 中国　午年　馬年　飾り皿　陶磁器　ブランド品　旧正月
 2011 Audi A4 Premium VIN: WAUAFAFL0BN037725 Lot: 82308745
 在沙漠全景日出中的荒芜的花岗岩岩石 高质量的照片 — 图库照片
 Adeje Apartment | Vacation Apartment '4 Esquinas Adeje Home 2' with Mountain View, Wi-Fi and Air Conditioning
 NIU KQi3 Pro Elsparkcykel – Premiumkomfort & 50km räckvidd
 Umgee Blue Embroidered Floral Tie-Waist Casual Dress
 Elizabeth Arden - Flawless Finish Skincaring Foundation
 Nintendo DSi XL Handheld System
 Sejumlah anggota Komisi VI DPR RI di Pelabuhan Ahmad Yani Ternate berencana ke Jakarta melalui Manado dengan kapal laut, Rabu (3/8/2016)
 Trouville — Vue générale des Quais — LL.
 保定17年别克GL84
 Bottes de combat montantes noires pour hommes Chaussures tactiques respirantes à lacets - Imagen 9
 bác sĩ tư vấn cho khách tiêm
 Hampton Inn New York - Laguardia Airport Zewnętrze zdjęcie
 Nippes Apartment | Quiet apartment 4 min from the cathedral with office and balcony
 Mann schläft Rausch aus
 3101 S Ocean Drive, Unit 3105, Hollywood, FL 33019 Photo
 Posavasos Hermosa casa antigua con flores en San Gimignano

EXERCISE ::
Please show each line in the records above that contains "with".

WORKED SOLUTION ::
 Adeje Apartment | Vacation Apartment '4 Esquinas Adeje Home 2' with Mountain View, Wi-Fi and Air Conditioning
 Nippes Apartment | Quiet apartment 4 min from the cathedral with office and balcony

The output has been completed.